そういえば、上の石原氏の10代の画集なんですが、表紙だけなら見れます。お探しの成瀬書房版では珍しいかと思いますが、いかが?

http://www.bk1.co.jp/product/1743273/?partnerid=99easylink

1TRA さんのコメント...

takebow師匠、お返事が遅れてしまいすいません。つい失念してしまいました。
師匠が知らせてくれた石原氏の画集、mixiで友人に教えたんですが、デザイン的に珍しいので「欲しい~」とか言っておりました(友人はデザイナーです)。

匿名 さんのコメント...

http://www.isbn-center.jp/cgi-bin/isbndb/isbn.cgi
成瀬書房連絡先 千葉県船橋市
047-448-3722

山本正史 さんのコメント...

成瀬書房を検索していましたら、このブログがありましたので、投稿させていただきます。

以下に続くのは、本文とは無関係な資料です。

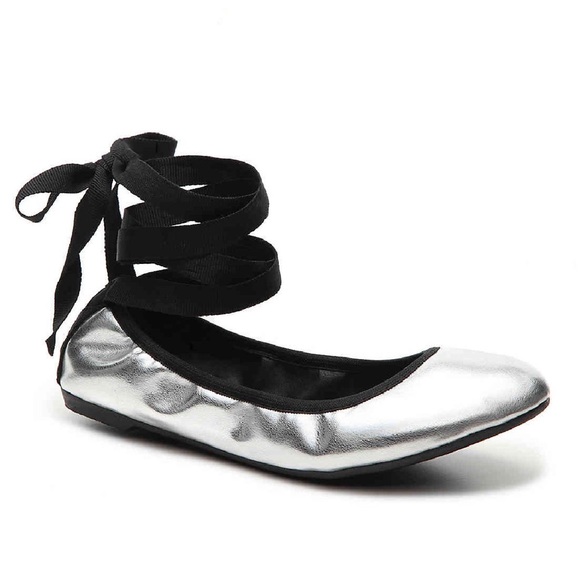 Steve Madden Florrah Ballet Flat Silver Shoes 7 - Picture 1 of 8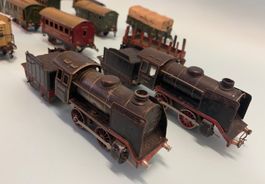 Konvolut Märklin Spur 0 Blech-Lokomotiven, Waggons & Zubehör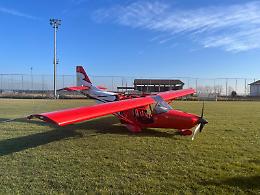Aereo in avaria, atterraggio di emergenza (con il paracadute) nello stadio di Riva presso Chieri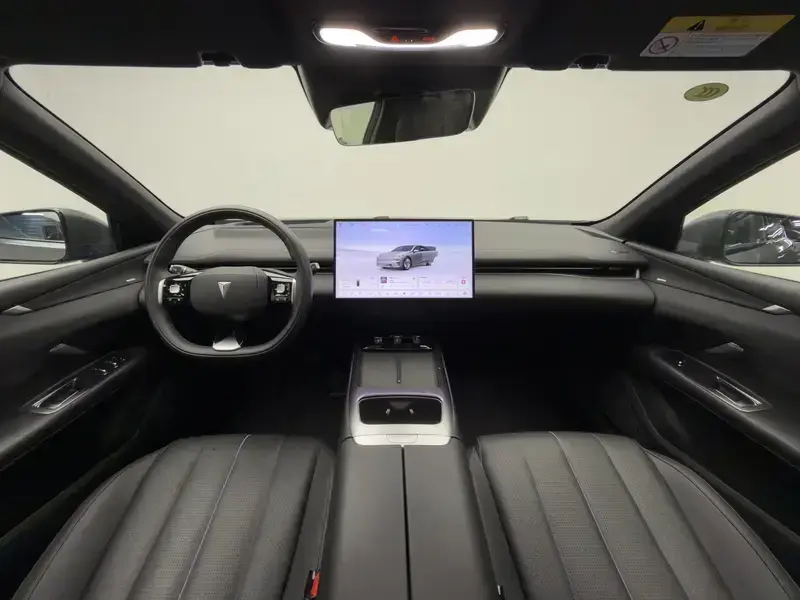 2024 Changan Shenlan L07 с пробегом 13 500 км
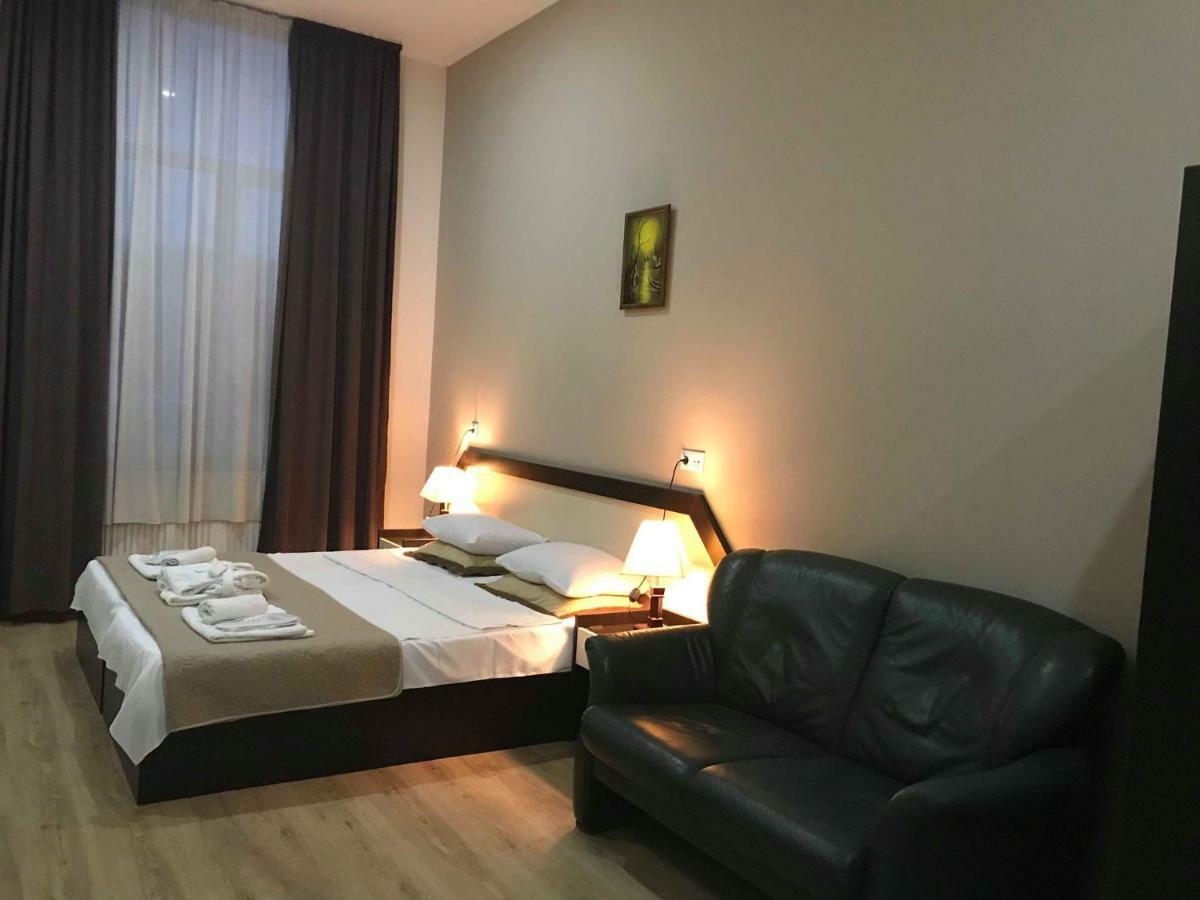 Getaway Hotel Тбилиси Екстериор снимка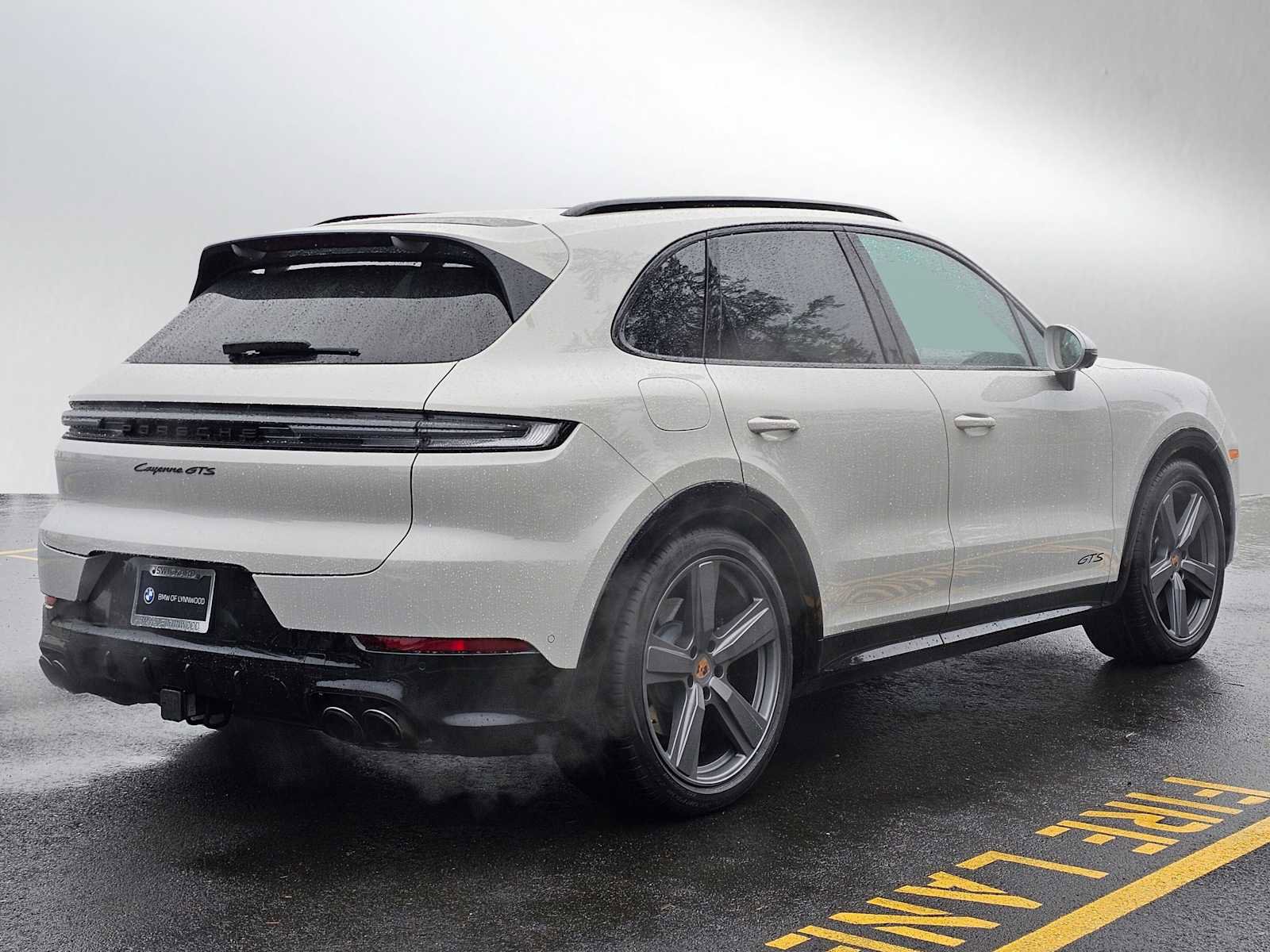 Used 2025 Porsche Cayenne GTS AWD/4WD image 3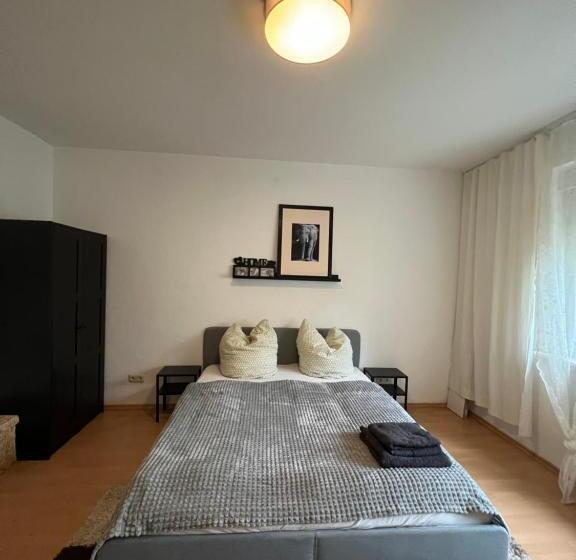 Gemütlich Eingerichtete 2 Zimmer Wohnung In Duisburg Meiderich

成瀬書房さんの代表は、三笠書房を退社されて出版業を始めたとは、奥さんが書かれた成瀬書房発刊の「ひとり出版社」に記されています。小生はそれを本日読んでいたので、成瀬書房を検索していたわけです。

本は愛書家に購入されたようです。まあ、「高度成長時代の産物」といえばそれは間違ってはいないと思いますが、現在も愛書家はおり、豆本なども高い値段で流通しています。

まあ、小生はまつやま書房という1500円前後の本を出版している出版社(創業1980年)ですが。

代表は愛蔵本を見て悦になっていたとは奥さんの文書ですので、ほんとに本人も愛書家であったのだと思います。